Domingo, 15 de noviembre de 2009 | Hoy
Por Leonardo Moledo
En la alta noche, cuando todos se fueron, en la pantalla sólo titila Internet. Ya está, ya estás solo, ya los aparatos se retiraron hacia el mundo inferior y se preparan para pasar la insidiosa noche, erizada de insomnio y cruzada por el terror. Se ha atenuado el runrún mimoso de las heladeras, en las calles dejan de oírse los ruidos provocadores de autos, motos y colectivos que te obligaron a una vigilia tensa, pero vacilante y segura, y aunque a lo lejos se oye el ruido puntual de un arma que se dispara a la distancia, enseguida se apaga. Y así es. El televisor ya te ha entregado su ración diaria de porquería, te ha dado todo lo que te podía dar, y luego se apagó, como una batería que agota sus fuerzas, cds y dvds se han retirado, ellos también para pasar la noche entre tus libros.
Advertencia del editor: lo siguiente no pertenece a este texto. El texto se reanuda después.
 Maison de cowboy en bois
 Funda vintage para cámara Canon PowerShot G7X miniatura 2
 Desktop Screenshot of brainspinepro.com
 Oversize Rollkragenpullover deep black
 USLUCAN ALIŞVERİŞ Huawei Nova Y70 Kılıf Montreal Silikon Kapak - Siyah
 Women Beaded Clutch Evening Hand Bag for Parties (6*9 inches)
Pero nunca deja de titilar Internet. En la pantalla de cristal líquido y herrumbrada por el uso hay algo que te dice que todavía estás vivo, que aunque todos tus amigos se hayan muerto, o te hayan abandonado, o hayan viajado a países lejanos, vos estás aquí, firme y reluciente –y vivo– sobre la ciudad maldita.
No te dice nada sobre vos y tu existencia, pero la fragmenta en miles de minúsculos pedacitos, como pixeles de tu ser que se adhieren a la pantalla y la cruzan para juntarse con otros ríos de pixeles, con el río del mundo, pixeles que vienen de lugares donde brilla el sol, de lugares donde los hombres comen piedras preciosas regadas con sangre de serpiente o de mono, de quienes viven a la vera de los anchos ríos o las sabanas plagadas de horribles animales y bestias terciarias que se quedaron enredadas para siempre en la maraña prehistórica, de lugares donde el frío blanquea los ojos y la ropas y donde el sol atrabiliario y demente calcina la piel.
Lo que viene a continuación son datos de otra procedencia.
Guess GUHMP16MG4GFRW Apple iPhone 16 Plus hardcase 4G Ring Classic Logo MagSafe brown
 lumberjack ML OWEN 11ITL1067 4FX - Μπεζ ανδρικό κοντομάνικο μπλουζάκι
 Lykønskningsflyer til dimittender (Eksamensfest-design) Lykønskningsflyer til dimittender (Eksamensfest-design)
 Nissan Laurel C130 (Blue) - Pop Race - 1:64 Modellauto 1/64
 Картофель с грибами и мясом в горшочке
Y te lo da todo: desde la ajustada y precisa pornografía de la noche hasta todo el conocimiento de la Tierra, acumulado por hombres de piel cobriza que trabajaron y murieron en las minas de estaño. Y el placer de matar. De eliminar a quienes se esconden tras un alias en Facebook, a quienes vocean su soledad en Twitter y en Cblist, y aun en los lugares más recónditos de Javalink. Y aunque no te dice quién sos ni para qué estás aquí, hijo de la Nada, surgido de la Nada, la pequeña Nada y oscura establece una frontera de cristal líquido y te permite cruzarla una y otra vez, ida y vuelta, cuantas veces quieras o se te ocurra, para sumergirte en un espacio atribulado en el que giran y luchan los torbellinos entrelazados de lo superficial y lo profundo. Y está. Sí, el agua oscura de los torbellinos.
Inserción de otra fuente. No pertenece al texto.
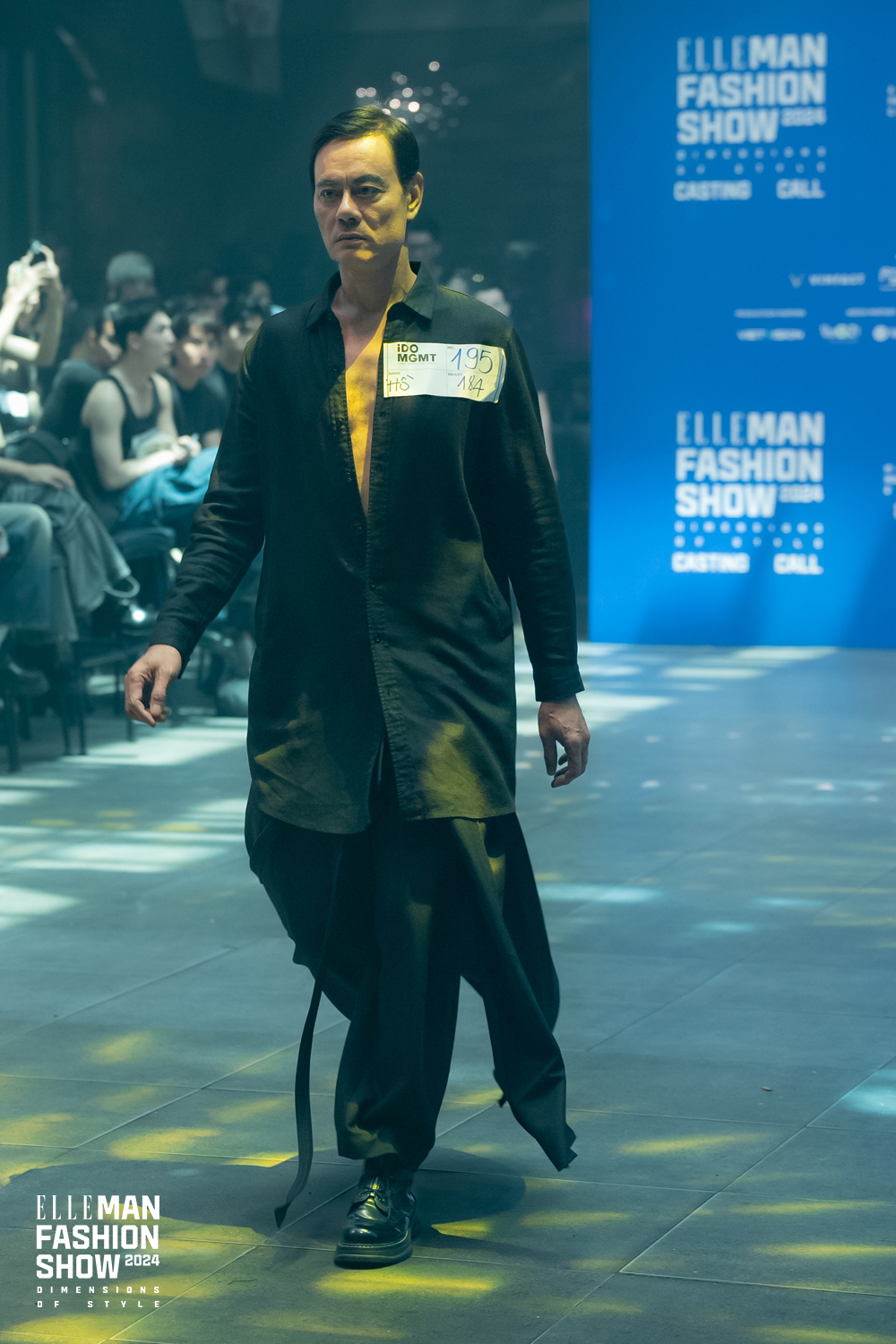 elle man fashion show mẫu nam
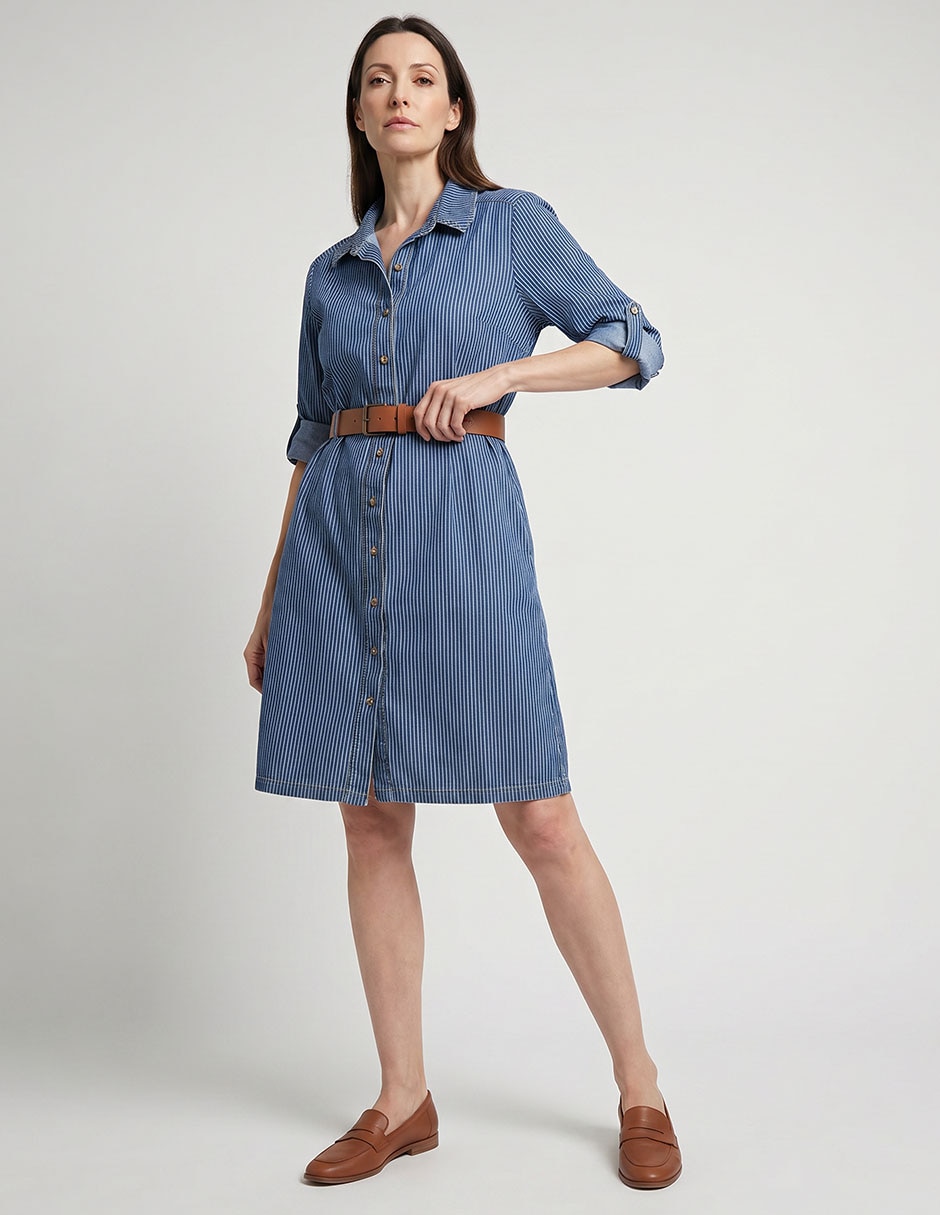 Vestido a la rodilla casual para mujer Vestido a la rodilla casual para mujer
Y aunque no te diga nada sobre tu propia existencia y su inexistente significado, la disuelve y la mezcla, la transforma en un líquido poroso que se derrama y mezcla con los titánicos torrentes de lo virtual: es tu espejo, tu nuevo yo, tu plácido nirvana que lo destruye y lo potencia.
Ya está. A través de las persianas herméticas empieza a filtrarse la aurora de rosados dedos, con su leve luz que pretende apoderarse de lo real. Los aparatos de tu casa despiertan, el agua vuelve a volcarse desde las canillas obturadas, el aire acondicionado vuelca sobre vos el frío de muchas tardes ulteriores, los ruidos de la calle aumentan en un crescendo temeroso, temible, amable y protector.
Ya está. Ya el sol alcanzó su plenitud; has atravesado la noche crispada de peligro y el aire (que pretende ser real) fluye desde afuera e invade tus pulmones.
Pero en la penumbra que mantenés dentro tuyo, en esa penumbra que atesorás, ante la que te arrodillás cada minuto, sigue titilando Internet.